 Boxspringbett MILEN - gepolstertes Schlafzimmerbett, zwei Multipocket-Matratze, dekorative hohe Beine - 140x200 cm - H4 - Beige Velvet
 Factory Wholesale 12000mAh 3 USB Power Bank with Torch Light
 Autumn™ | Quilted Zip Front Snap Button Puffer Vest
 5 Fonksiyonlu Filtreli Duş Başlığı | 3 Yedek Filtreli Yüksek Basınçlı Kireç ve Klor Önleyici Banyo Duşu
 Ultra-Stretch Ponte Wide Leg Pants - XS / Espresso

**********

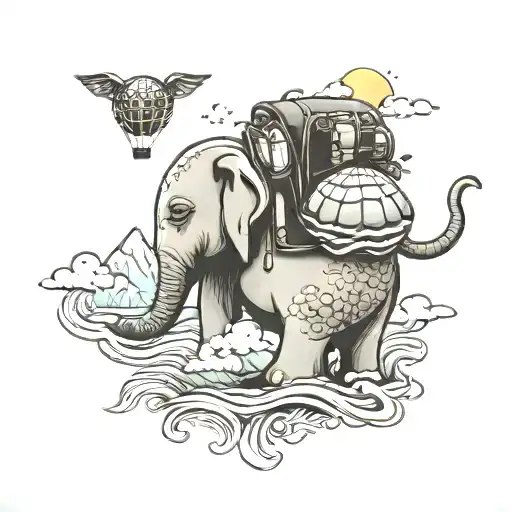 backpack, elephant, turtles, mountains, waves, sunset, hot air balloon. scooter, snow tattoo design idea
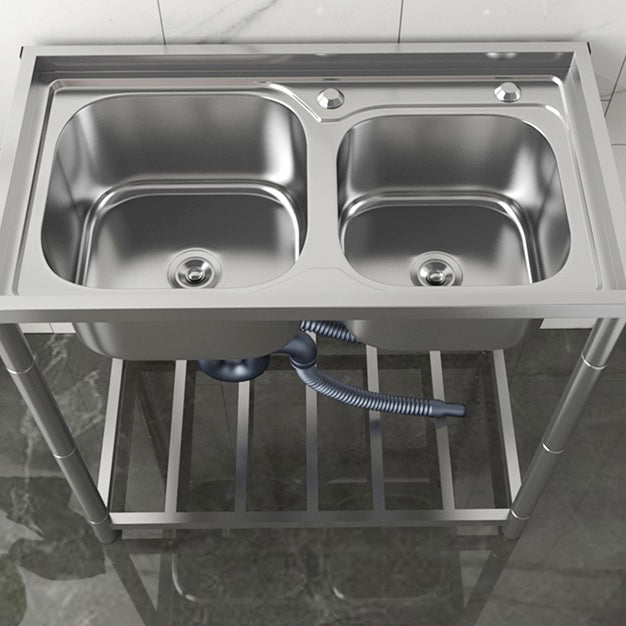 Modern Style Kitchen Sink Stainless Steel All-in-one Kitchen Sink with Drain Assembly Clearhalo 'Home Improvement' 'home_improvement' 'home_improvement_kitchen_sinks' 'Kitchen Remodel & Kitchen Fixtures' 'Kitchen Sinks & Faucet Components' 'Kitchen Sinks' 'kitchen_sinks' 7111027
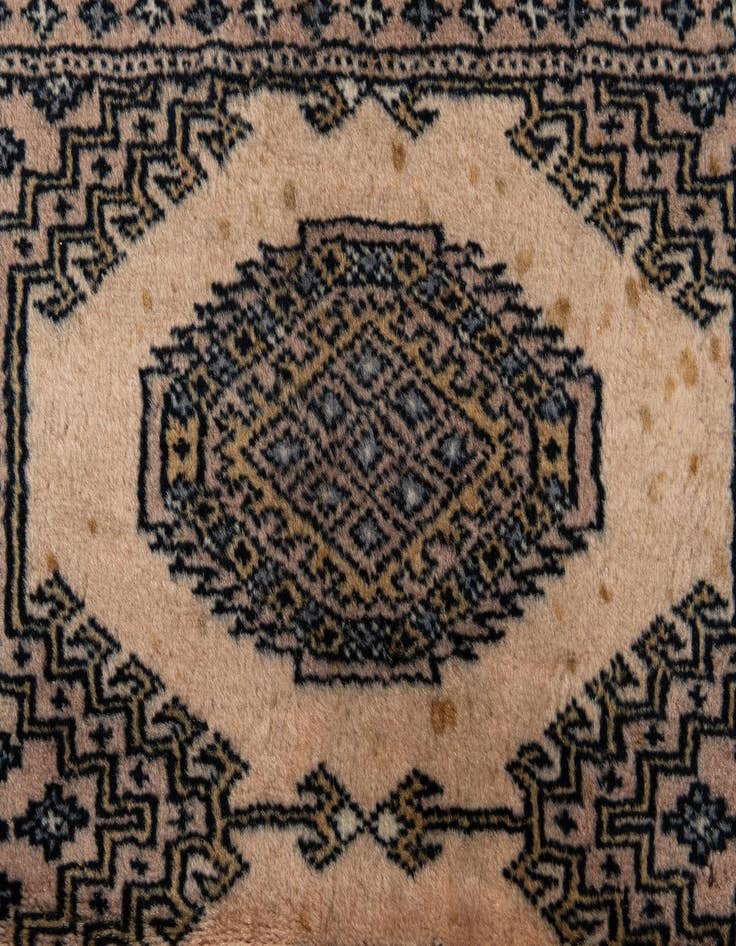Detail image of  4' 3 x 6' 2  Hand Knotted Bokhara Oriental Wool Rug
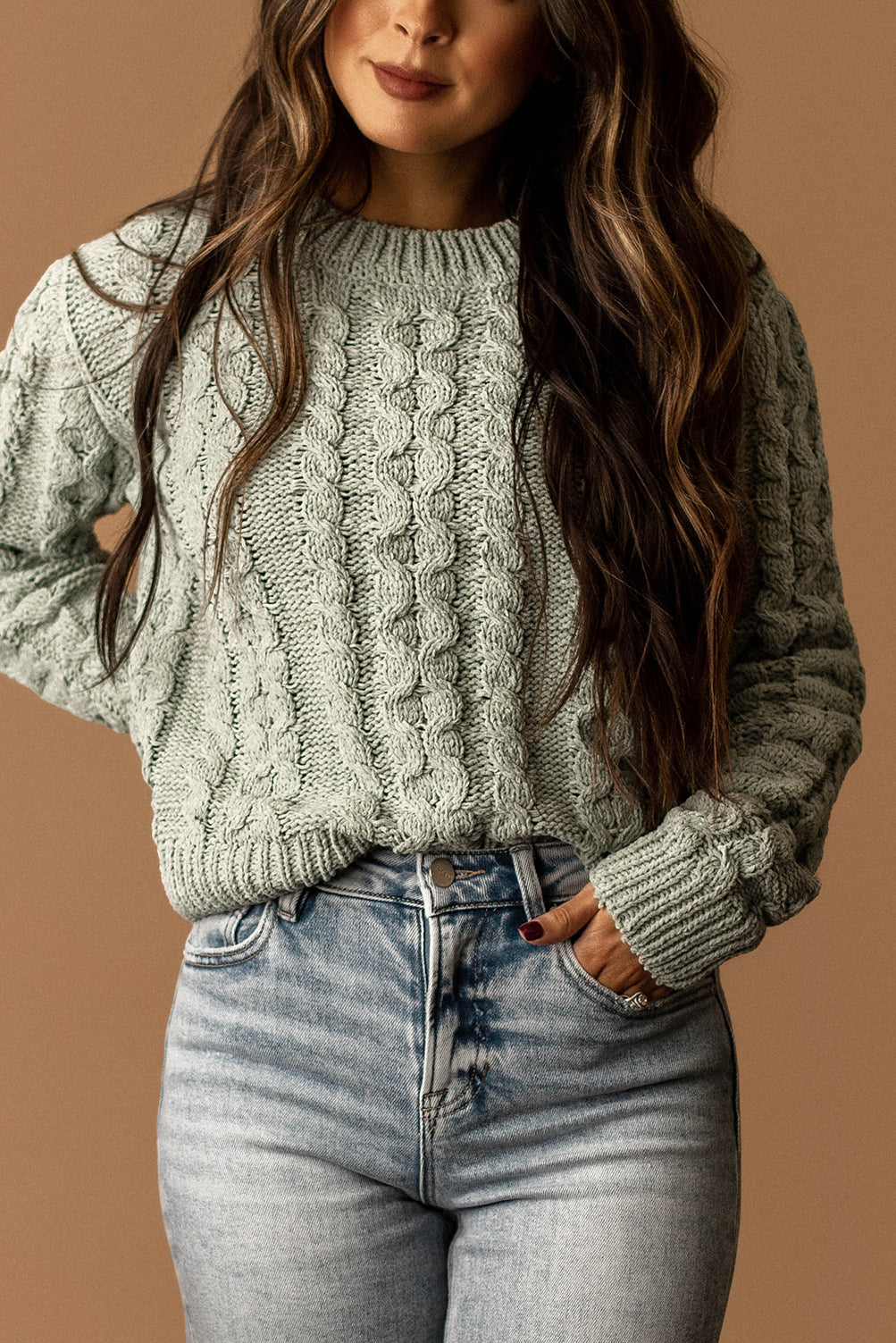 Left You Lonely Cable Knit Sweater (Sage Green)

**********

→ **Exercise directions**
For this exercise, set down the lines in the entries above from the one with "backpack, elephant, turtles, mountains, waves, sunset, hot" through the one with "Left You Lonely" exactly as written, without any pictures.

→ **Answer for the task**
 backpack, elephant, turtles, mountains, waves, sunset, hot air balloon. scooter, snow tattoo design idea
 Modern Style Kitchen Sink Stainless Steel All-in-one Kitchen Sink with Drain Assembly Clearhalo 'Home Improvement' 'home_improvement' 'home_improvement_kitchen_sinks' 'Kitchen Remodel & Kitchen Fixtures' 'Kitchen Sinks & Faucet Components' 'Kitchen Sinks' 'kitchen_sinks' 7111027
Detail image of  4' 3 x 6' 2  Hand Knotted Bokhara Oriental Wool Rug
 Left You Lonely Cable Knit Sweater (Sage Green)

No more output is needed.